[Saved entries]
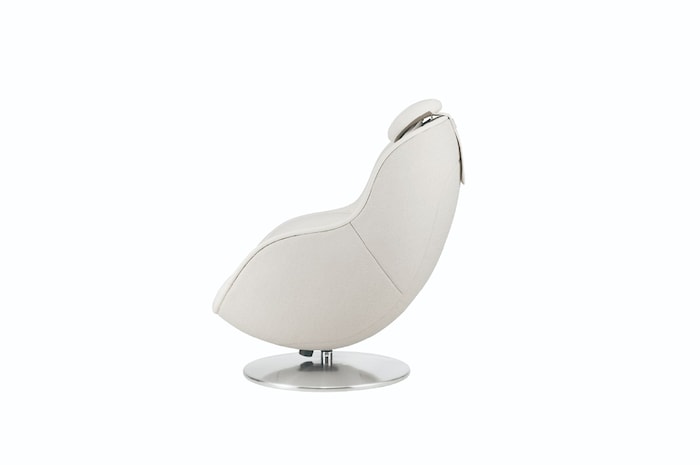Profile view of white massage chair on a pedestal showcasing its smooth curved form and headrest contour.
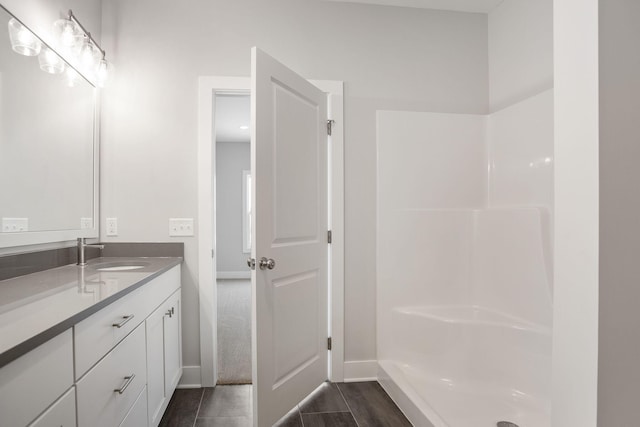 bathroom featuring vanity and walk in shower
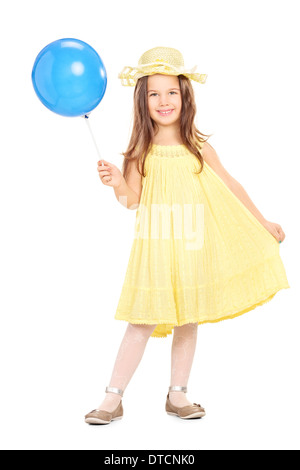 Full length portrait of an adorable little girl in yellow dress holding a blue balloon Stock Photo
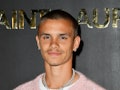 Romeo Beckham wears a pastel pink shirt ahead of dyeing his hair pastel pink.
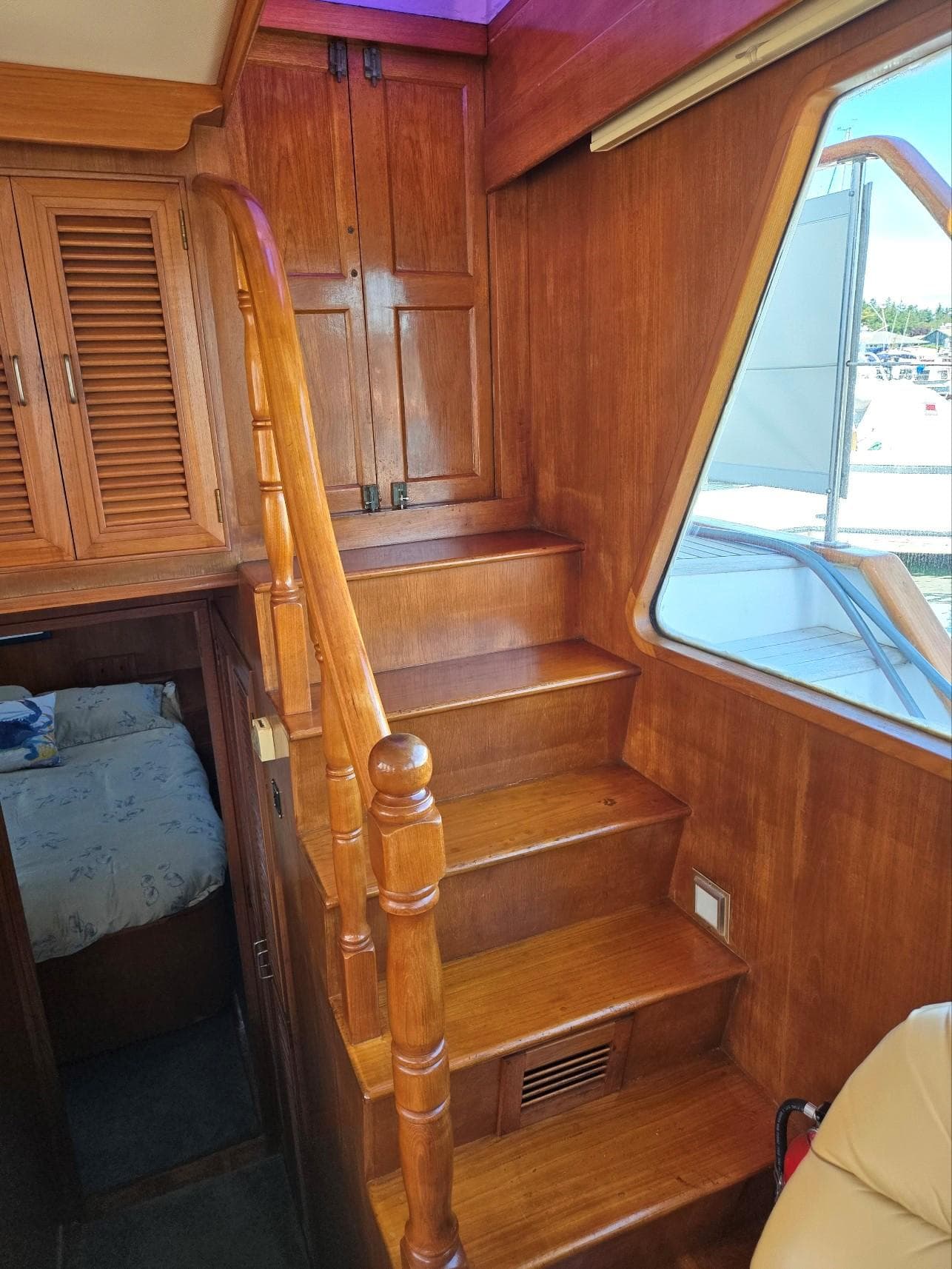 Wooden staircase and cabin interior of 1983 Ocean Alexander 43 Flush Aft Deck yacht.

PROBLEM STATEMENT:
Leave the pictures out. Transcribe exactly the lines from the one with "Romeo Beckham wears" through the end of the records.

EXERCISE RESPONSE:
 Romeo Beckham wears a pastel pink shirt ahead of dyeing his hair pastel pink.
 Wooden staircase and cabin interior of 1983 Ocean Alexander 43 Flush Aft Deck yacht.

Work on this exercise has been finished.